Через минуту все были в сборе.
Валентина была так бледна, что стали заметны голубые жилки на ее висках и у глаз.
Франц был сильно взволнован.
Шато-Рено и Альбер с недоумением переглянулись; только что окончившаяся церемония, казалось им, была не более печальна, чем предстоящая.
Госпожа де Вильфор села в тени, у бархатной драпировки, и, так как она беспрестанно наклонялась к сыну, трудно было понять по ее лицу, что происходило у нее на душе.
Вильфор был бесстрастен, как всегда.
Нотариус со свойственной служителям закона методичностью разложил на столе документы, уселся в кресло и, поправив очки, обратился к Францу:
– Вы и есть господин Франц де Кенель, барон д’Эпине? – спросил он, хотя очень хорошо знал его.
– Да, сударь, – ответил Франц.
Нотариус поклонился.
– Я должен вас предупредить, сударь, – сказал он, – и делаю это от имени господина де Вильфора, что, узнав о предстоящем браке вашем с мадемуазель де Вильфор, господин Нуартье изменил намерение относительно своей внучки и полностью лишил ее наследства, которое должно было к ней перейти. Спешу добавить, – продолжал нотариус, – что завещатель имел право распорядиться только частью своего состояния, а распорядившись всем, открыл возможность оспаривать завещание, и оно будет признано недействительным.

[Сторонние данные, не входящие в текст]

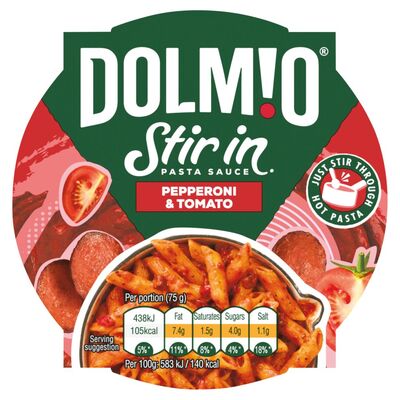 Dolmio Stir In Pepperoni & Tomato Pasta Sauce 150g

– Да, – сказал Вильфор, – но я заранее предупреждаю господина д’Эпине, что, пока я жив, завещание моего отца не будет оспорено, потому что мое положение не позволяет мне идти на какой бы то ни было скандал.
– Сударь, – сказал Франц, – я очень огорчен, что такой вопрос поднимается в присутствии мадемуазель Валентины. Я никогда не интересовался размерами ее состояния, которое, как бы оно ни уменьшалось, все же гораздо больше моего. Моя семья, желая породниться с господином де Вильфором, считалась единственно с соображениями чести; я же искал только счастья.
Валентина едва заметно кивнула в знак благодарности, между тем как две молчаливые слезы скатились по ее щекам.
– Впрочем, сударь, – сказал Вильфор, обращаясь к своему будущему зятю, – если не считать утраты некоторой доли ваших надежд, в этом неожиданном завещании нет ничего лично для вас оскорбительного; оно объясняется слабостью рассудка господина Нуартье. Мой отец недоволен не тем, что мадемуазель де Вильфор выходит замуж за вас, а тем, что она вообще выходит замуж; он был бы так же огорчен браком Валентины с кем бы то ни было. Старость эгоистична, сударь, а мадемуазель де Вильфор отдавала господину Нуартье все свое время, чего баронесса д’Эпине уже не сможет делать. Прискорбное состояние, в котором находится мой отец, не позволяет говорить с ним о серьезных делах, которых он по слабоумию не может понять. Я глубоко убежден, что в настоящую минуту он хоть и помнит, что его внучка выходит замуж, но успел забыть даже, как зовут того, кто должен стать ему внуком.